┌─ Data shown
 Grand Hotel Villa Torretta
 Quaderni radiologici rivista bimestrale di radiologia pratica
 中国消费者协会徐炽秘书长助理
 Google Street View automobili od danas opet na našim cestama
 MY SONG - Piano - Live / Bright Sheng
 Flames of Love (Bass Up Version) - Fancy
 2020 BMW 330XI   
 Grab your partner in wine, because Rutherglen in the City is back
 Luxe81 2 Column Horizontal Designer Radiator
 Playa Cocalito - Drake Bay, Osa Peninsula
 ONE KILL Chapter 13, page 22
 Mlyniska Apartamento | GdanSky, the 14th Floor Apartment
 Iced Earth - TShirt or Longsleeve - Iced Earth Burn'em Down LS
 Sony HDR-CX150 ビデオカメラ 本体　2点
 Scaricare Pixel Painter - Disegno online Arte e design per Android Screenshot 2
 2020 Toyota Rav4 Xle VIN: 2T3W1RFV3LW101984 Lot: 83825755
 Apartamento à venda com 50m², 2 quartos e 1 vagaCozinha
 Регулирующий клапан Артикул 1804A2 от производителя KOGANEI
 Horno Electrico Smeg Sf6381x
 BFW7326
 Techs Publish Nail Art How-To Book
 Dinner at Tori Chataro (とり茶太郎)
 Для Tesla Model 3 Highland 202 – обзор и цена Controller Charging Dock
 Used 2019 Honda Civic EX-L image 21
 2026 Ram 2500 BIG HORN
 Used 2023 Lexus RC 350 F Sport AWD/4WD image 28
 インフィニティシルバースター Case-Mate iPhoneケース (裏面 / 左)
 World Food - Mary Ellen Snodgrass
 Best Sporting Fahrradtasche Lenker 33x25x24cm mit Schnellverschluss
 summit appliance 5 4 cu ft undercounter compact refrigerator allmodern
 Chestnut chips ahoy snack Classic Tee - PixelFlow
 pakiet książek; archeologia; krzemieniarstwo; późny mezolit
└─
** Instructions to follow **
Find "Quaderni radiologici rivista" in the entries above and copy that whole line exactly, then each line after it through the line that contains "2020 BMW 330XI".

** Reply to the exercise **
 Quaderni radiologici rivista bimestrale di radiologia pratica
 中国消费者协会徐炽秘书长助理
 Google Street View automobili od danas opet na našim cestama
 MY SONG - Piano - Live / Bright Sheng
 Flames of Love (Bass Up Version) - Fancy
 2020 BMW 330XI   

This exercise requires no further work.